Макс морщится, словно мои слова физически болезненны, и я этому рада, потому что сама мысль о них причиняет мне боль.
– Ее зовут Блэр, – сообщает он, обращаясь к пустой тарелке. – Раньше она жила по соседству с нами… детьми мы ходили в один бассейн. Она нашла меня в фейсбуке, и мы… мы немного пообщались в Чикаго.
– «Пообщались»? – Я изображаю пальцами кавычки. – Что это значит? Какой-то эвфемизм для траха?
Макс вскакивает так резко, что его стул с треском опрокидывается на плиточный пол. Встав напротив меня, он с силой сжимает мои руки, и я с удивлением замечаю слезы на его глазах.
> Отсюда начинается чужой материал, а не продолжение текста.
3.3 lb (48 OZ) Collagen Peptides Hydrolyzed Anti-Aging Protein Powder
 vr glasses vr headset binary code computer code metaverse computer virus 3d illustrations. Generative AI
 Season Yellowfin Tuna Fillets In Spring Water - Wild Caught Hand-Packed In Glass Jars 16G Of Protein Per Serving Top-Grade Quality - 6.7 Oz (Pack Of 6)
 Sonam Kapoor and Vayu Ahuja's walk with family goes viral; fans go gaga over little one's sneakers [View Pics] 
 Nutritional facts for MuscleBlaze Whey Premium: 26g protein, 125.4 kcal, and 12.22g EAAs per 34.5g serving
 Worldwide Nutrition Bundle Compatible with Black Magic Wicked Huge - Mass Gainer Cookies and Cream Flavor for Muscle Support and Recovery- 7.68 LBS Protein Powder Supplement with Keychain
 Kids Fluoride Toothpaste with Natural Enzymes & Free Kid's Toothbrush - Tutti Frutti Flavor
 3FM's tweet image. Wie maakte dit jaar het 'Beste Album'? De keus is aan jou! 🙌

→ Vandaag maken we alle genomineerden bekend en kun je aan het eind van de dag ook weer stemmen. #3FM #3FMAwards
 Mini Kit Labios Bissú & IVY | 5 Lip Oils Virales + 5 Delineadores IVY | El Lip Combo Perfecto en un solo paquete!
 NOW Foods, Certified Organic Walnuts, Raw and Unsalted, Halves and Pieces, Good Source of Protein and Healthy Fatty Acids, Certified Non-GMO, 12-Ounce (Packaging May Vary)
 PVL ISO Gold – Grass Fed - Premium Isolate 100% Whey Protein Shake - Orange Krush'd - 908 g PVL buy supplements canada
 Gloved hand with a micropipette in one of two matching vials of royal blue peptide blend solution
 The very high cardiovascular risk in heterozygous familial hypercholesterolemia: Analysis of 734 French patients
– Прости меня, Пипа, я не хотел тебя огорчать. Мне даже в голову не приходило изменять тебе, но ты так от меня отдалилась…
Я резко вырываюсь.
– И ты еще смеешь вешать все на меня!
Но мое негодование подпитывается страхом, точнее, уверенностью, что он прав, ведь я сама отталкивала его. Инстинктивно я хватаюсь за живот – моя тайна, которую теперь я не имею права скрывать.
– Нет, нет, я вовсе не это имел в виду. Конечно, это моя вина, просто я пытаюсь объяснить, что нуждался в…
Тяжело вздохнув, Макс беспомощно поднимает вверх руки, и мой гнев внезапно угасает, сменяясь бесконечной усталостью. Я пересекаю комнату, поднимаю опрокинутый стул и сажусь рядом.
– Ты нуждался в нормальном общении, – тихо произношу я.
Макс медленно кивает.
– Да.
Чуть поколебавшись, он садится рядом со мной. Мы долго смотрим друг на друга, и я вспоминаю обо всем, что мы пережили вместе и чего никто другой не смог бы понять.
– Как давно вы встречаетесь?
Я не хочу слышать ответ, но все же не могу не знать об этом.
– Месяцев пять или шесть?
Он говорит с вопросительной интонацией, словно ждет от меня подтверждения.
У меня перехватывает дыхание. Я ожидала услышать о нескольких неделях, а не месяцах. Она – Блэр – живет в Чикаго, а Макс в Англии, значит, дело не только в сексе. А еще международные звонки, сообщения, скайп и «я по тебе скучаю»… Я мысленно отсчитываю пять-шесть месяцев назад. Апрель. Май. Именно тогда Макс заговорил о ребенке. Значит, в этом все дело?
– Ты ее любишь?
Макс энергично потирает лицо. Потом смотрит на меня, очень несчастный.
– Я люблю
– Но ее ты тоже любишь?
Я смотрю ему прямо в глаза, желая услышать правду. Пауза длится целую вечность.
– Да.
Я киваю. А потом, поскольку хуже уже не будет, я сообщаю ему о ребенке. На его лице кометой проносится радость, которая несколько гаснет при мысли о происходящем между нами. Макс смотрит на меня так, словно видит впервые, обращая внимание на изменения в моей внешности, вызванные беременностью.
– Ты мне не говорила.
– Я говорю тебе это сейчас.
– На каком ты месяце?
– Точно не знаю, я еще не была у врача. Около шестнадцати или семнадцати недель.
Макс изумленно округляет глаза.
– Ты не была у врача? Разве тебе уже не пора пройти ультразвуковое исследование? Прошлый раз ты делала его в двенадцать недель.
Напоминание о Дилане повисает болезненной паузой.
– А если с ребенком что-нибудь не так? – наконец говорит он.